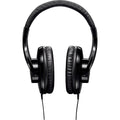 Shure SRH240A Professional Headphones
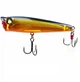 Воблер CONDOR FISHING Ritmo Popper 3D 65F 65мм 65г #307 (4439065_65_307N) - зображення 1
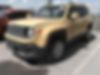 ZACCJBBB5JPJ32541-2018-jeep-renegade-0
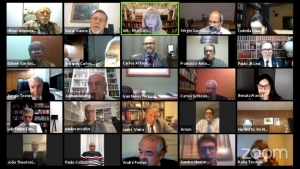 Instituto manifesta solidariedade à comunidade israelita e repudia discriminação religiosa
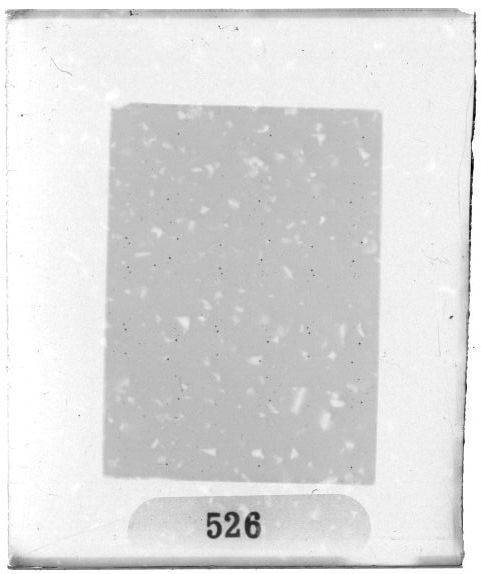 Scan PZT2526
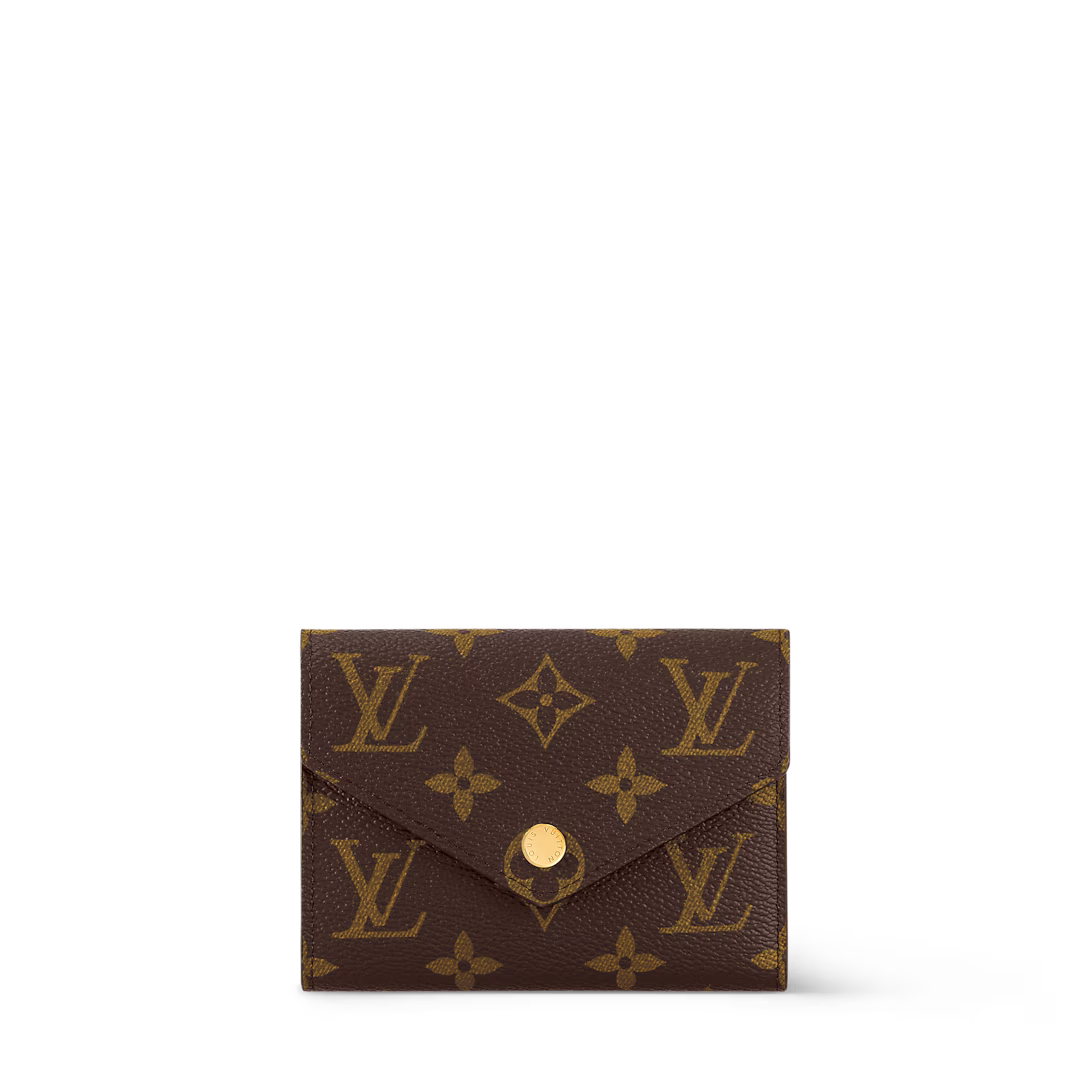 lv-victorine-wallet ohter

— GOAL OF THE EXERCISE —
The whole listing, pictures excluded, should be output exactly.

— SOLUTION TO THE EXERCISE —
 Shure SRH240A Professional Headphones
 Воблер CONDOR FISHING Ritmo Popper 3D 65F 65мм 65г #307 (4439065_65_307N) - зображення 1
 ZACCJBBB5JPJ32541-2018-jeep-renegade-0
 Instituto manifesta solidariedade à comunidade israelita e repudia discriminação religiosa
 Scan PZT2526
 lv-victorine-wallet ohter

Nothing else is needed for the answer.